For the past five years, the Daniel R. Trickey Memorial Life Giving Center has been quietly offering single homeless women, many with children, a place where they can turn their lives around.
Some of the people behind this community-wide ministry met for lunch at the convent on Wednesday as Director Michell Conner explained what the Life Giving Center has meant to Great Bend, and how others can get involved.
The center has helped 30-40 families a year, a total of 160 in its first five years, Conner said. “We are impacting our community one family at a time ... touching them with the love of Jesus.”
The center is one of the ministries of Lasting Life Ministries Inc., led by Mark Ball. He purchased the former Roosevelt Middle School at the corner of Broadway and Stone, where the center is located. The same building houses the Hungry Heart Soup Kitchen, which started nine years before the center, as well as Extreme Hope Church. Others who were instrumental in starting these ministries include the late Rev. Trickey, and Mike Joiner, pastor of Extreme Hope.

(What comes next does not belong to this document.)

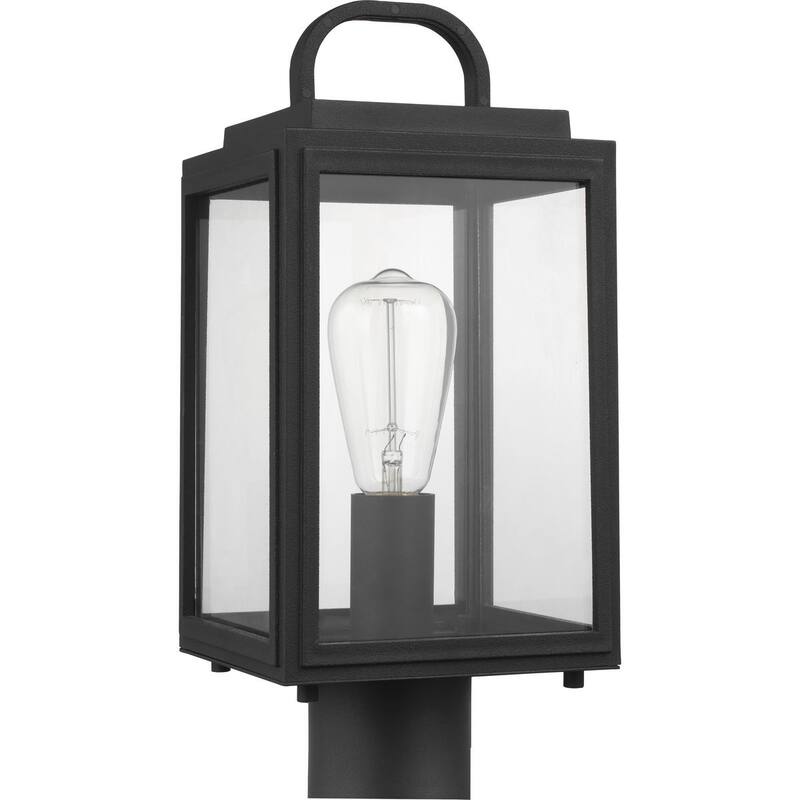 Grandbury Collection One-Light Post Lantern with DURASHIELD - 12.600" x 15.750" x 9.840"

Sister Jolene Greir from the Dominican Sisters of Peace said Joiner sent a letter in 2005, inviting churches to move on the project of renovating part of the building for a temporary housing facility, after people were seen living under a bridge at the edge of town.
“We still need many volunteers,” Sister Jolene said Wednesday. Private donations pay the salaries, utilities and upkeep of the building, and are tax-deductible. Volunteers are needed to stay at the shelter on weekends and nights, but there are many other ways people can help.
Larned native Mitch Webster, a former Major League Baseball player and now the Royals’ Midwest Regional Scouting Supervisor, has supported the effort from the beginning and was back in Great Bend for Wednesday’s luncheon. He said the Life Giving Center has been far more than a homeless shelter, which is why it is called “transitional housing.”
“It’s a great opportunity for someone who’s looking to help women in need, and families,” he said. Webster has seen the ministry help women get back on their feet, find jobs and, in some cases, get their children back.
The families who stay at the center are expected to help with the work and to work on helping themselves, Conner said. They receive spiritual mentoring as they learn to change the behaviors that led to their homelessness. “They have to agree to a plan,” she said. They set goals that may include attending Alcoholic Anonymous or Narcotics Anonymous meetings, earning a General Education Development diploma or finding a job.
Other members of the board of directors commented on what the ministry has accomplished.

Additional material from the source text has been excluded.